You may want to strap yourself in for this one – to avoid the intellectual whiplash that might otherwise result.
Every year, the National Recording Preservation Board – a federal organization comprised of esteemed composers, musicians, musicologists, librarians, archivists, and representatives of the recording industry – undertakes a duty assigned to it by our elected Congress (with the further endorsement of the Executive Branch). That duty: To recommend for inclusion in the National Recording Registry sound recordings that are “culturally, historically, or aesthetically significant”. The recommendation is made to the Librarian of Congress, who then decides what’s in and what’s out.
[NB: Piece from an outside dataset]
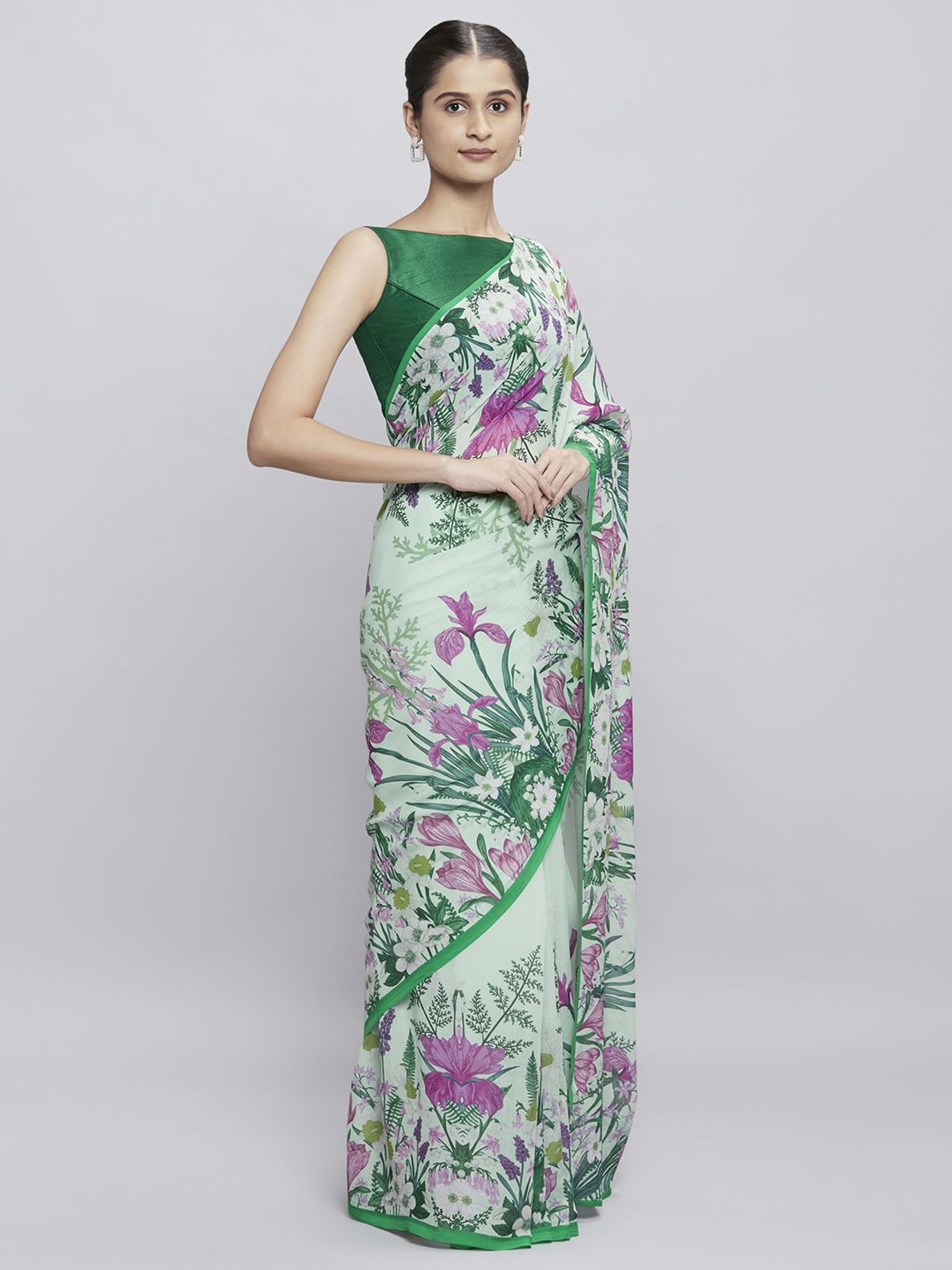 Navyasa Pista Green Liva Georgette Floral Printed Saree With Coordinated Unstitched Blouse Piece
Getting included in the Registry (which itself is a creation of Congress) is no small potatoes. So far fewer than 500 recordings have made it – and that’s out of the approximately 50 squadrillion recordings that have ever been made. Recordings already in the Registry include: cylinders from the birth of recorded sound in the 19th Century; piano rolls featuring Scott Joplin playing rags; the first recording of “Rhapsody in Blue”, with George G. himself tickling the ivories; Herbert Morrison’s live coverage of the crash of the Hindenburg; Sister Rosetta Tharp singing “Down by the Riverside”; Flatt and Scruggs picking “Foggy Mountain Breakdown”; “Rumble” by Link Wray and His Raymen (a personal favorite – essentially, the birth of the power chord); “Who’s on First” by Abbot and Costello; speeches by FDR, Woodrow Wilson, Booker T. Washington, Douglas MacArthur, Martin Luther King, Jr. (and a host of others). The hits, as they say, just keep on coming.
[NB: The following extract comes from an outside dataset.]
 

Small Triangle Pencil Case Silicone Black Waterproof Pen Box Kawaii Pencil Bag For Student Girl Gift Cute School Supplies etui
As dictated by Congress, the purpose of the Registry is to “maintain[ ] and preserv[e] sound recordings that are culturally, historically, or aesthetically significant.”
Again, did we mention that the Registry was mandated by Congress?
This year, one of the 25 recordings selected for inclusion in the Registry has been hailed by the Board as “a discourse not only on [certain] words and their power to offend, but also on the varieties and vagaries of the English language itself.” Heady stuff, no? Certainly something that’s “culturally, historically, or aesthetically significant”, maybe even all three.
That recording, of course, is George Carlin’s Class Clown, and the particular words alluded to in the Board’s description are the notorious “seven dirty words you can never say on television”. The broadcast of that track – on Pacifica Foundation’s Station WBAI(FM) in New York in 1973 – set in motion the FCC’s enforcement action that resulted in the 1978 Supreme Court decision FCC v. Pacifica Foundation, in which the Court concluded that the FCC could penalize WBAI for having aired that “indecent” track.
To this day the Commission continues to wield the authority established in that decision (although the precise metes and bounds of what might constitute punishable “indecency” have never been quite clear, and are currently completely up in the air).
Ideally, you can see the problem here.
Congress, through Section 1464 of Title 18 of the U.S. Code (i.e., the criminal portion of the code) has made it a crime to broadcast “indecency”, and Congress’s enforcer in such matters – the FCC – has for nearly 40 years been using Carlin’s monologue as the touchstone for defining “indecency”. But now, doing what Congress told it to do, the Federal Recording Preservation Board has declared that very recording to be of such cultural, historic or aesthetic significance as to warrant inclusion (and preservation) in a rarefied universe of recordings deemed to “showcase[e] the range and diversity of American recorded sound heritage”.
Criminal Indecency or National Treasure? The government has made the call, and as matters currently stand, that call is, um, “both”. If that hurts your head, you’re not alone.
Maybe the selection of Class Clown reflects both an awareness by the government of the validity of Carlin’s observations about language and culture, and a greater tolerance for use of language that might be deemed “offensive” by some. Maybe the selection of Class Clown will cause Congress to re-think criminalizing the broadcast of particular language, and the FCC to re-think its policies on so-called “indecent” programming.
More likely, Congress and the FCC will ignore the disconnect inherent in the government’s Hyde and Jekyll treatment of Carlin’s work. Nothing in recent memory suggests that the government will get the message. More’s the pity.
But regardless of what Congress and the FCC do or don’t do, the inclusion of Carlin in the Registry deserves attention. Speaking as the most junior member of the team that represented Pacifica in the Supremes way back when, this blogger sees more than a little vindication in the Board’s selection of Class Clown. The Board has officially recognized what we understood back in 1978: Carlin’s monologue is a serious work that addresses important questions in a creative (and for many, highly entertaining) way. The broadcast of such thought-provoking commentary (whether or not it might “offend” some) should be encouraged. It’s the First Amendment way of doing things. At a minimum, the broadcast of such commentary should not be penalized.
Criminal Indecency or National Treasure? I personally am with the Librarian of Congress on this one.